CIP Testing Project next steps: some ideas


Agustin Benito Bethencourt <agustin.benito@...>
 

Hi,

(this is a long mail)

in order to understand the ideas about the future of the CIP Testing project, let me enumerate the basic requirements that led CIP to pursue the current strategy, now under revision.

++ Fully de-centralise service architecture

A decision to go for a transparent & fully de-centralised service architecture as testing service architecture for CIP based on LAVA + KernelCI was based in the following arguments:

- Conclusion from evaluating other projects: kernelci.org , LTSI, AGL, openSUSE, openStack.
- Back then, AGL picture around testing was unclear.
- FUEGO back then had 3 different repositories/forks.
- Cost and current manpower availability.
- After evaluating costs, it was easy to come to the conclusion that CIP could not create its own (semi)centralised service. This was the main driver to design a fully distributed service architecture for CIP testing at that point.
- Priorities within CIP.
- Back then the priority was to test the CIP kernel.
- Adaptability to CIP nature.
- The CIP Testing team concluded that LAVA+KernelCI could be adapted to our use case and service architecture.
- Dependencies.
- Back then we agreed that we could only maintain the kernel for a very long time if we took ownership of the kernel maintenance activities. The same principle applies to the testing service, environment, tests...

I summarised the above arguments in the following text that some of you have read before:

Sharing results is far from enough. CIP needs to ensure transparently that any engineer is:
...using the same tests...
...to test the same CIP system...
...on the same boards...
...with the same tool set...
...under the same environment...
...producing the same reports...
...comparable through canonical logs.

++ New picture

Over a year later there are some new elements to consider

1. AGL is making a significant investment in a semi-centralised testing service, based on LAVA+KernelCI. They are committed to maintain it.

2. As part of that work, several containers (KernelCI) to be maintained by AGL will be available soon, which would open the door for CIP to adopt a container based solution instead of a VM based one, reducing the effort to meet our use case.

Part of the work Codethink did in the provisioning and deployment front could then be delegated to AGL, reducing the effort to the configuration side only.
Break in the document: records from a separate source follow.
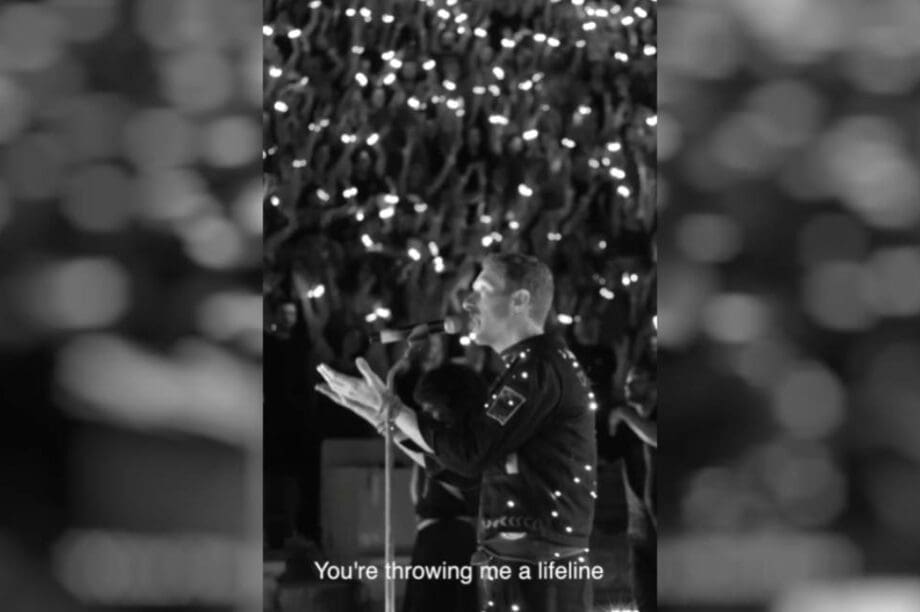 coldplay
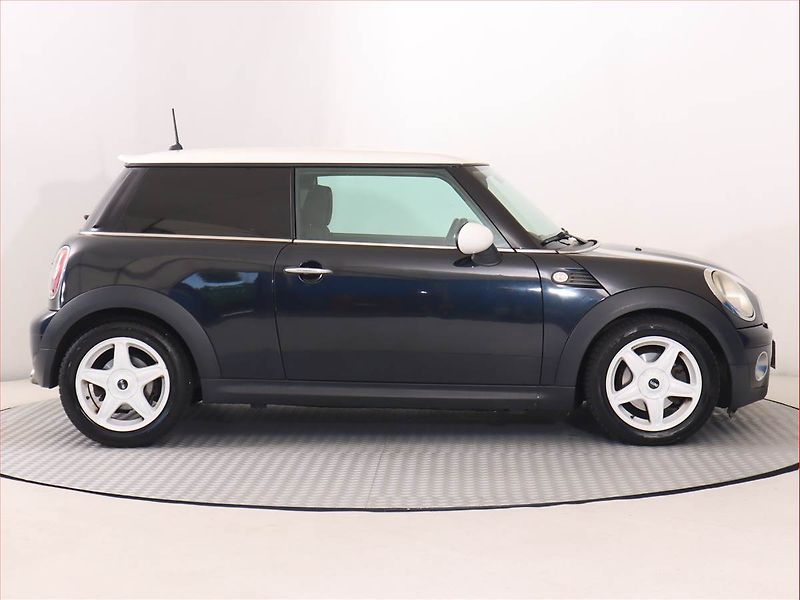 Mini Ostatní (2007) Cooper D, po STK - fotka 6 z 15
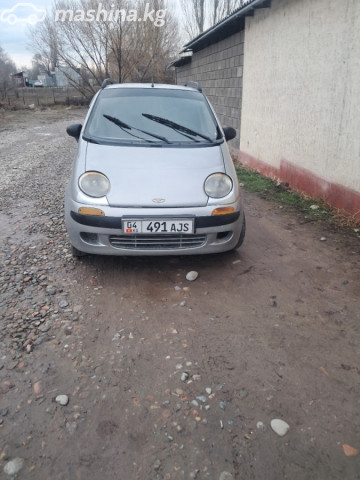 Daewoo Matiz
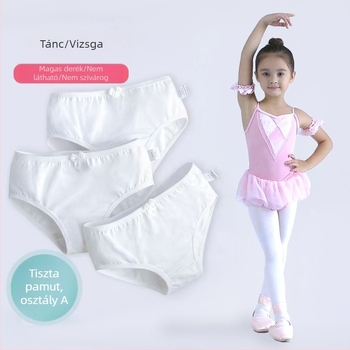 Sivice Gyerekeknek szánt pamut bugyi lányoknak – 100% pamut, Kategória: bugyik, Lányok számára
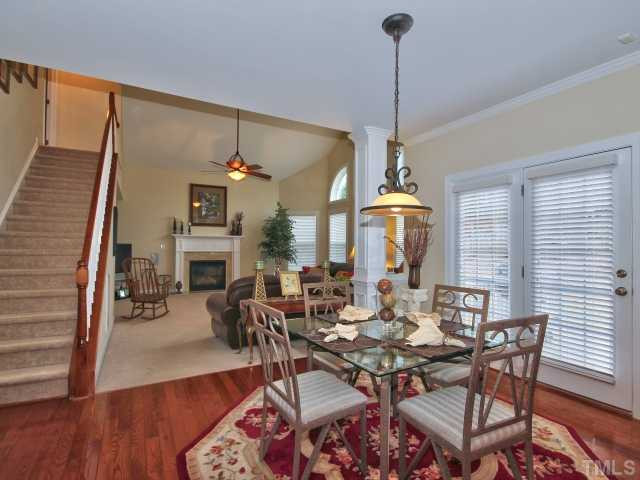 2413 Treen Street Raleigh, NC 27614 - Photo 11 of 24 Breakfast Area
3. As part of the AGL work, KernelCI (data visualization) is being improved. The expectation is that these improvements end upstream, in kernelci.org

4.There are plans to integrate LAVA and FUEGO in the future according to FUEGO maintainer, Tim Bird.

5. LAVA development seem to go through a more stable phase. Dramatic changes in core areas has not been the norm in the last few months, once the transition from V1 to V2 was completed.

6. kernelci.org today includes older kernels like 4.4, 3.2...

7. KernelCI maintainer is no longer a Linaro employee.

8. Toshiba, a CIP Member, is investing directly in FUEGO.

++ Conversations at ELCE 2017

* CIP and AGL CIAT held a meeting to stablish areas of collaboration. The main conclusion was that CIP can adopt the containers based architecture in B@D, relying on AGL on maintaining each container (KernelCI).

On the other hand, CIP could focus more on the reporting side and also on creating tests. These two areas should be shared with AGL and upstream to kernelci.org

I see this agreement as a natural step forward. Action 2 of CIP Testing strategy already defined those two work areas as ToDo. It would be about raising their priority.

By relying on AGL on the provisioning and deployment side (containers) it is expected that the current workload on B@D could be reduced in the mid term. There is an initial technical work to be done that would take effort, in order to release B@D v2.0 as containers.

Keeping a similar effort than in the past, the amount of effort available for Action 2 would then be greater than Codethink could put during the past year.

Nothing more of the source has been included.